Cuento mentalmente… uno, dos, tres… y retrocedo. Cada paso es un peso muerto que me aleja de lo que alguna vez creí que era amor.

Salgo corriendo.

Bajo las escaleras como si me persiguiera un fantasma y, en cierto modo, así es: el fantasma de la mujer ingenua que hasta hace un minuto creía en los cuentos de hadas.

Corro hasta que mis piernas no pueden más, con las lágrimas empapando mi rostro, con el pecho ardiendo.

Todo lo que pienso es: soy una cobarde… no puedo enfrentarlo.
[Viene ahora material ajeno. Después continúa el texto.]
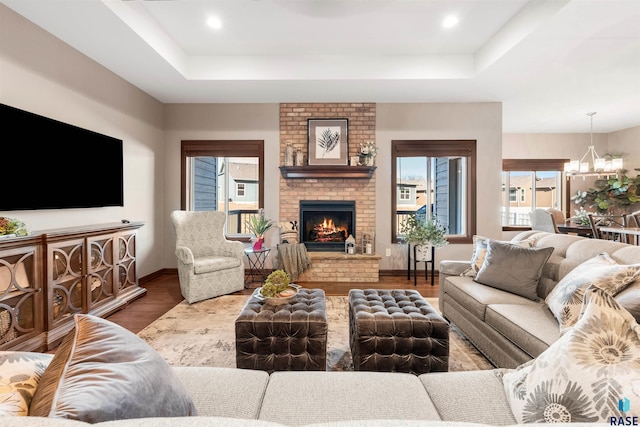 living room featuring an inviting chandelier, a fireplace, hardwood / wood-style flooring, and a tray ceiling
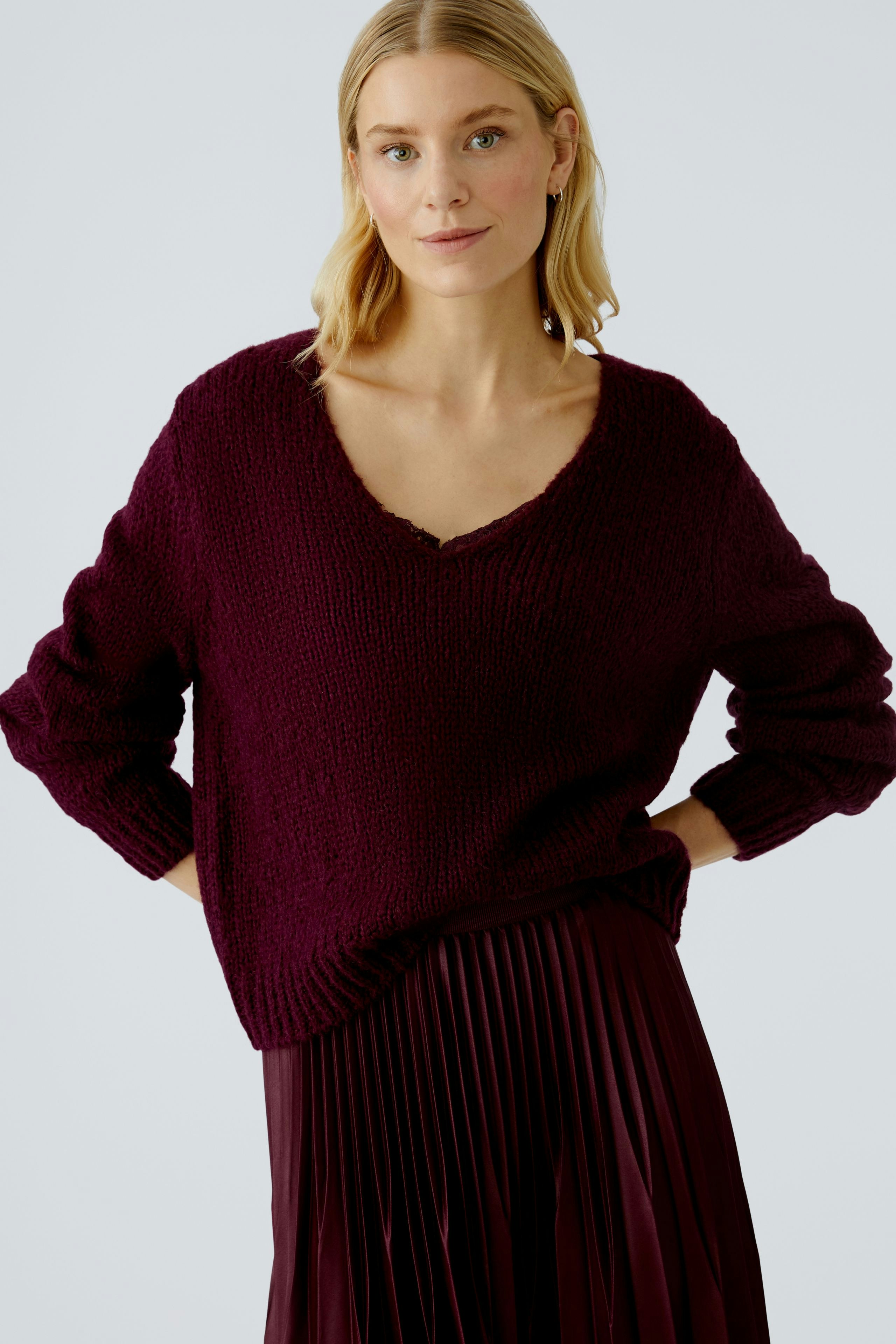 Casual women's pullover: A woman in a deep burgundy knit pullover with a V-neck and relaxed fit.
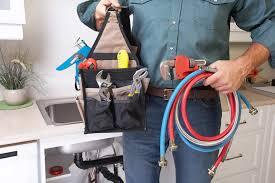 Workman holding tool bag and hoses in left hand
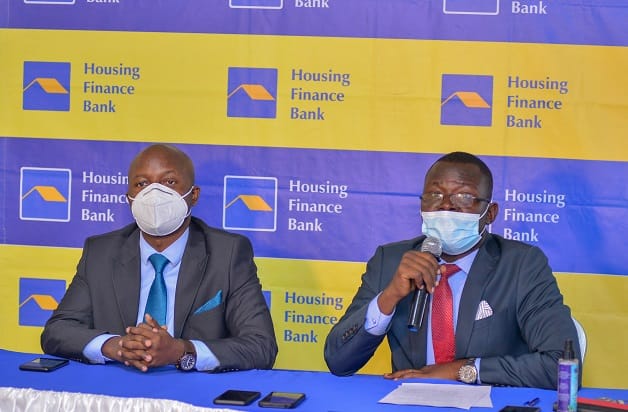 Patrick Oyuru, Head Marketing and Communications joins John Baptist Kaweesi, the Head of Mortgage and Consumer Banking to launch the Double-Double Unsecured Salary Loan Campaign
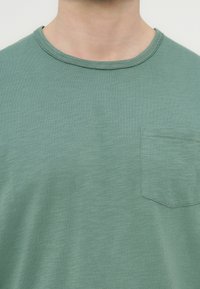 Κοντινό πλάνο ενός ατόμου που φοράει μπλουζάκι σε ανοιχτό πράσινο χρώμα με στρογγυλή λαιμόκοψη και μικρή τσέπη στο στήθος στην αριστερή πλευρά.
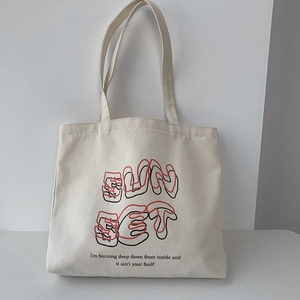 Detail of off-white canvas tote bag featuring SUNSET print and artistic typography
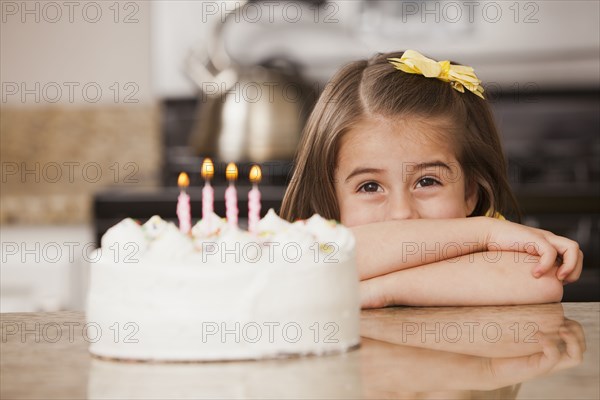 Caucasian girl looking at birthday cake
No obstante, en lo más profundo, sé que no es cobardía. Es que una parte de mí acaba de morir allí, en esa habitación, y no queda fuerza suficiente para pelear por algo que ya no existe.

Llego a casa sin recordar el camino.

No sé si crucé semáforos en rojo, si alguien me habló o si el mundo siguió girando mientras yo… mientras yo me partía en mil pedazos.

Cierro la puerta y apoyo la espalda contra ella, como si de verdad pudiera mantener afuera lo que vi. Pero está aquí. Está dentro de mí, pegado a mi piel, clavado en mis ojos.

Me arrastro hasta mi habitación, me dejo caer en la cama y me encojo, abrazándome a mí misma.

Cierro los ojos…la imagen de Ethan y esa mujer vuelve, nítida, brutal. Sus manos sobre ella, besándola.

Mi estómago se revuelve. Me cubro la boca para no gritar, para no romperme del todo.

Quiero odiarlo, pero lo que siento es peor: lo extraño. Extraño al hombre que creí que era, y eso me hace sentir sucia.

Pienso en sus palabras… “Es una aburrida… un buen partido… contigo me saco las ganas”.

Cada sílaba es ácido recorriéndome las venas.

Mi mamá siempre decía que un corazón roto duele en el alma, no en el cuerpo. Se equivocaba. Duele en todas partes, duele en el pecho, en la garganta, en la piel. Duele tanto que no sé cómo voy a seguir respirando.

Me cubro con la manta, escondiendome del mundo. Y, por primera vez en años, me siento completamente sola.

No hay llamadas, no hay mensajes, no hay explicación que cure esto.

Solo estoy yo… y este silencio que grita más fuerte que cualquier palabra.

Las horas pasan lentas, pesadas, como si el reloj se burlara de mí.

El teléfono vibra una y otra vez sobre la mesita, no lo toco. No quiero ver su nombre, no quiero escuchar su voz.

El cielo empieza a oscurecer y la casa se siente demasiado grande, demasiado silenciosa.

El ruido de la cerradura rompe la quietud.

—Audrey, ya llegamos —anuncia mi mamá desde la puerta.

No contesto. No quiero fingir una sonrisa ni soportar preguntas.

Escucho pasos, y una voz más, conocida.

—Hola, señora, señor —saluda con su tono rápido y nervioso.

Es Emily, mi mejor amiga.

Me quedo inmóvil, hasta que oigo cómo sube las escaleras. Entra a mi habitación sin tocar, como siempre ha hecho.